The platter features Cheesy Skillet Meatballs, Nashville Hot boneless wings, Chili Con Queso, Caprese Flatbread, and Mozzarella Sticks. Here’s the thing though — that’s not what we received. We were noticeably lacking in the Mozzarella Stick dept. and instead got a chicken quesadilla and lots of garlic bread on our tray. Hmm. 

Supersaurus Sampler

Some of the items surprised us in a good way! Those rogue quesadillas, for instance, had pico de gallo INSIDE them and a lovely avocado crema on top of them.

Supersaurus Sampler

The flatbread had a decent flavor and tasted pretty fresh. It was better than the Caprese at Pinocchio’s Village Haus in Magic Kingdom, but still not amazing. It did have a handful of peppery arugula and a drizzle of Balsamic glaze on top that helped add some flavor.

Supersaurus Sampler

As for the queso, it was good but tasted just like what you can get in a jar at the grocery store. It didn’t have any heat either which might disappoint some diners.

Supersaurus Sampler

The meatballs were pretty good! They weren’t at all dry and they tasted fine. Like most of the other items, they weren’t anything special but we didn’t mind eating ’em!

Supersaurus Sampler

The wings were our favorite part of the platter because they actually had a SOLID level of heat! We really liked them. Be warned, being “boneless wings” they’re really just popcorn chicken disguised as wings, but they’re yummy AND have a kick! They were served over a handful of onion strings.

Supersaurus Sampler

The garlic bread was…garlic bread. That’s a tough one to mess up, right? Overall, nothing was wildly amazing and everything tasted like something you might eat at a Chilis. If you’re craving generic appetizer food (hey, no shame there!), this will hit the spot!

Supersaurus Sampler

Full yet? Too bad, we’re on to the entrees! One entree we snagged was the Prehistoric Pasta with Chicken for $24.79.
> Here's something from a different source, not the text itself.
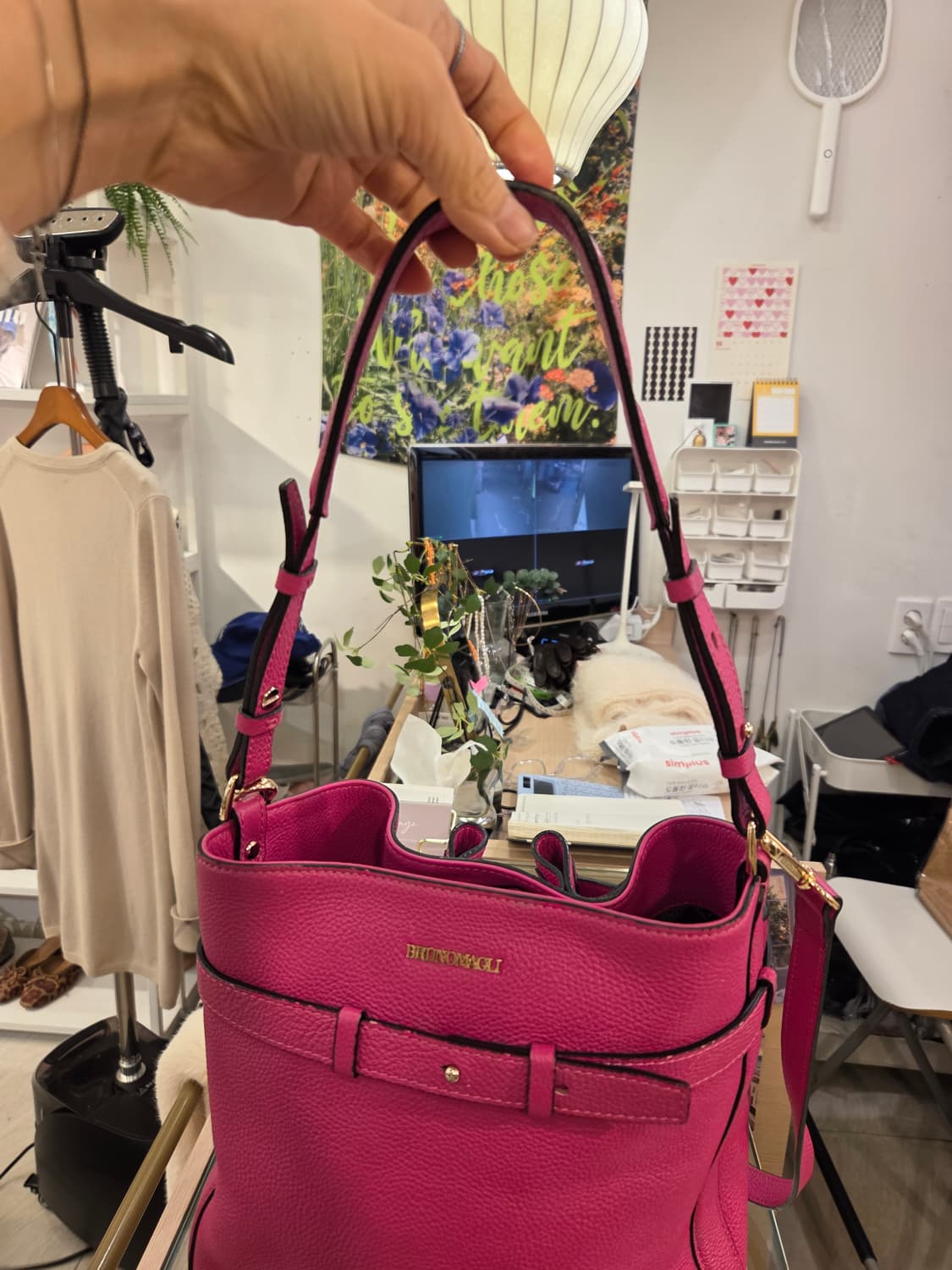 브루노마글리 핫핑크 버킷백 상품이미지4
Prehistoric Pasta with Chicken

The dish is listed as alfredo sauce and fettuccine pasta but it also had mushrooms and diced tomatoes.
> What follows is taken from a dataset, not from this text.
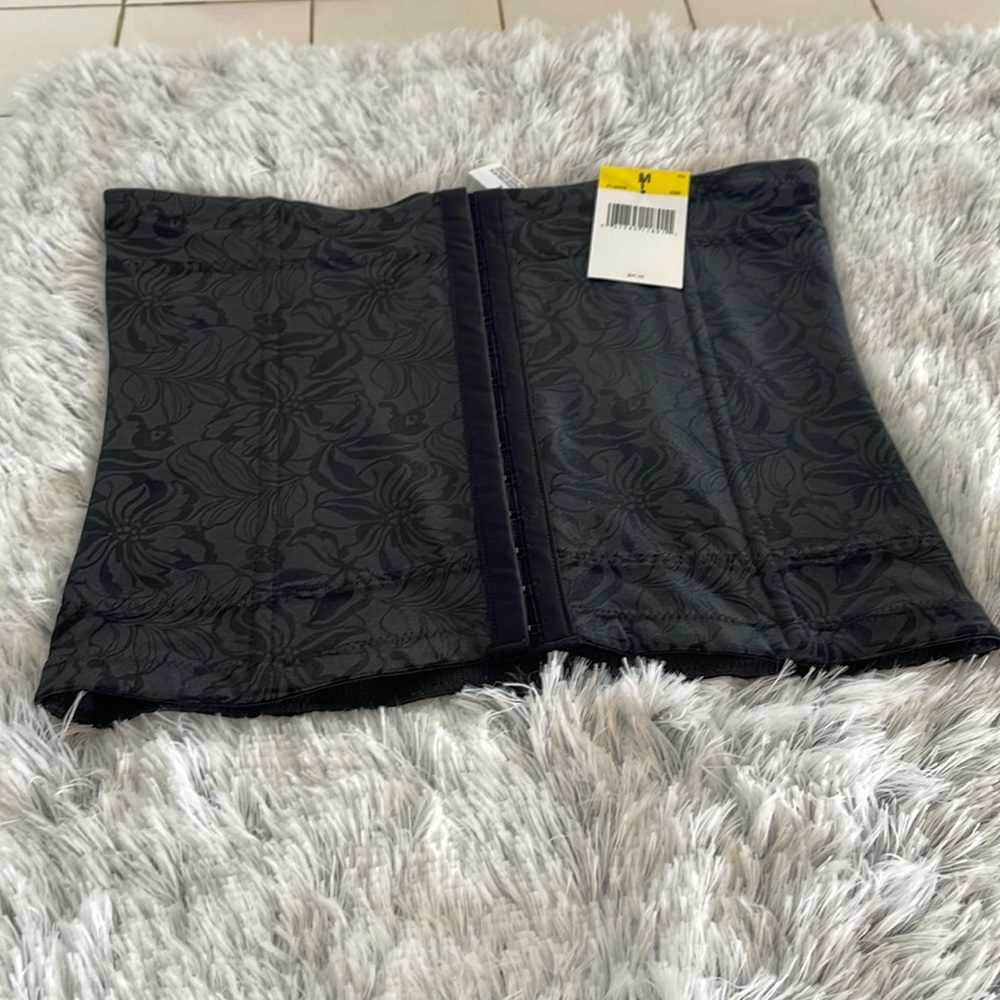 Maidenform black floral nwt corset shapewear medium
Prehistoric Pasta with Chicken

This was a VERY generic entree. Honestly, you could have a better alfredo dish at Olive Garden. Or an Applebee’s. Or from a jar of sauce you got from the grocery store. The sauce lacked any strong flavor and the chicken and veggies didn’t do much to help. Everything was cooked well, it was just ultimately very bland.

Prehistoric Pasta with Chicken

Our other entree was the Paleozoic Chicken Sandwich for $19.99.

Paleozoic Chicken Sandwich

The dish is made from grilled marinated chicken breast, bacon, Swiss cheese, pesto mayo, and a sourdough bun.

Paleozoic Chicken Sandwich

Overall, it was a pretty basic chicken sandwich. The chicken was a little dry but the strong flavor of the bacon and pesto mayo helped to combat the dryness. That pesto also gave it a more unique flavor than your typical chicken sammie! It was fine if you’re craving a classic, but again, nothing special.

Paleozoic Chicken Sandwich

The sandwich came with fries, which were cooked well and still crispy, and a small cup of slaw. Both of the entrees we had were generic and only okay. Of the two, we liked the sandwich a little better, but truthfully, we wouldn’t order either of them again. 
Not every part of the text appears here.